This notebook teaches how to use the BIDS Archive & BIDS incremental classes.

# Preliminaries

There are a few terms that are important to understand before starting to use BIDS Archive.

## BIDS Entities

BIDS Entities, referred to later as just 'entities', represent metadata about files in the archive. You may already be familiar with common ones, like 'subject', 'task', and 'run'. 

Most entities are used in a key-value form and have their name and value present wherever they are used. They have three main representations. The first is the entity itself, the one-word, all lowercase string (e.g., 'subject'). The second is the entity's name, which may be sevearl words (e.g., 'Contrast Enhancing Agent' is the name for the 'ceagent' entity). The third is the entity's key, which is typically shorter and used in file names (e.g., 'ce' for the 'ceagent' entity). A few entities and their multiple representations are shown in the table below:

| Entity | Name | Key |
| --- | --- | --- |
| subject | Subject | sub |
| session | Session | ses |
| run | Run | run |
| ceagent | Contrast Enhancing Agent | ce |

Some entities aren't used in key-value format, and have only one representation. Examples include 'datatype' (e.g., 'func' or 'anat'), 'extension' (e.g., '.nii', '.nii.gz', or '.json'), and 'suffix' (e.g., 'bold'). See the table below for how these can appear in file naming and archive organization.

Together, these entities provide a unique and consistent way to name files and organize the BIDS dataset.
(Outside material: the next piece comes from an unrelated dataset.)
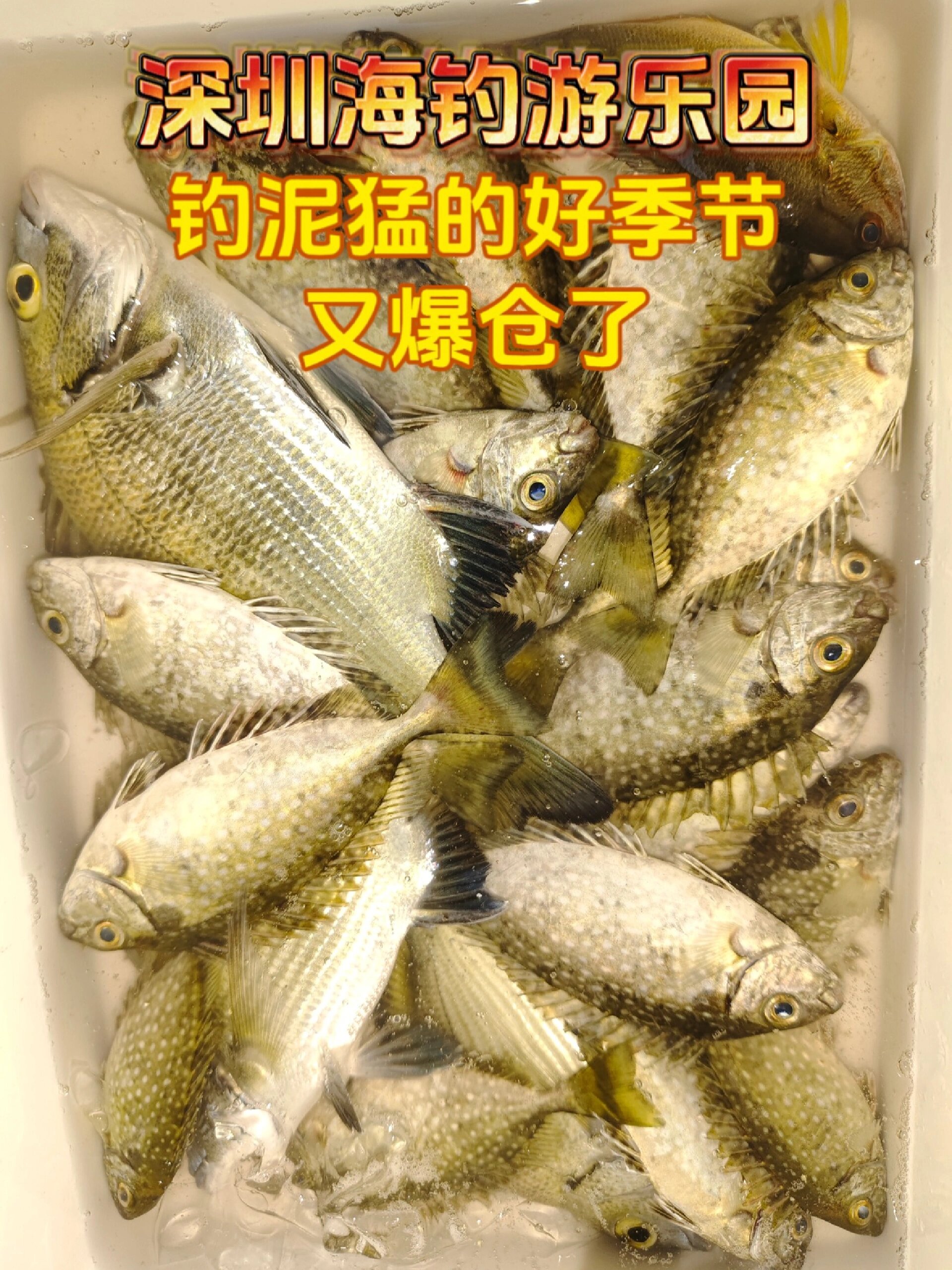 深圳海钓,初秋钓鱼好季节,泥猛鱼的美味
#### Exercise: What entities are present in the path `sub-01/func/sub-01_task-languageproduction_run-01_bold.nii.gz`, and what are the entity values? 

##### Answer: 
| Entity Name | Value |
|---          | ---   |
| subject | 01 |
| datatype | func |
| task | languageproduction |
| run | 01 |
| suffix | bold |
| extension | .nii.gz|

# BIDS Archive: Opening Existing Dataset

Objective: Learn how to create a BIDS Archive pointing to a specific dataset on disk.

Procedure:
1. Download a small, sample dataset from OpenNeuro to use with `BidsArchive`.
2. Open the dataset using `BidsArchive` and print out some summary data about it

In [None]:
""" Add rtCommon to the path """
import os
import sys
currPath = os.path.dirname(os.path.realpath(os.getcwd())) # docs
rootPath = os.path.dirname(currPath) # project root
sys.path.append(rootPath)


""" Download the dataset """
import subprocess

# https://openneuro.org/datasets/ds002014/versions/1.0.1/download -- <40MB dataset
TARGET_DIR = 'dataset'
command = 'aws s3 sync --no-sign-request s3://openneuro.org/ds002014 ' + TARGET_DIR
command = command.split(' ')
if subprocess.call(command) == 0:
    print("Dataset successfully downloaded")
else:
    print("Error in calling download command")
    

""" Open downloaded dataset """
from rtCommon.bidsArchive import BidsArchive

archive = BidsArchive(TARGET_DIR)
print('Archive: ', archive)

# BIDS Archive: Querying Dataset

Objective: Learn how to extract information and files from the `BidsArchive`.

Procedure:

1. Search for images in the dataset.
2. Search for sidecar metadata for the images in the dataset.

In [None]:
# Any BIDS entity can be extracted from the archive using getEntity() (e.g., getSubjects(), getRuns(), getTasks())
print('Dataset info: Subjects: {subjects} | Runs: {runs} | Tasks: {tasks}\n'
      .format(subjects=archive.getSubjects(), runs=archive.getRuns(), tasks=archive.getTasks()))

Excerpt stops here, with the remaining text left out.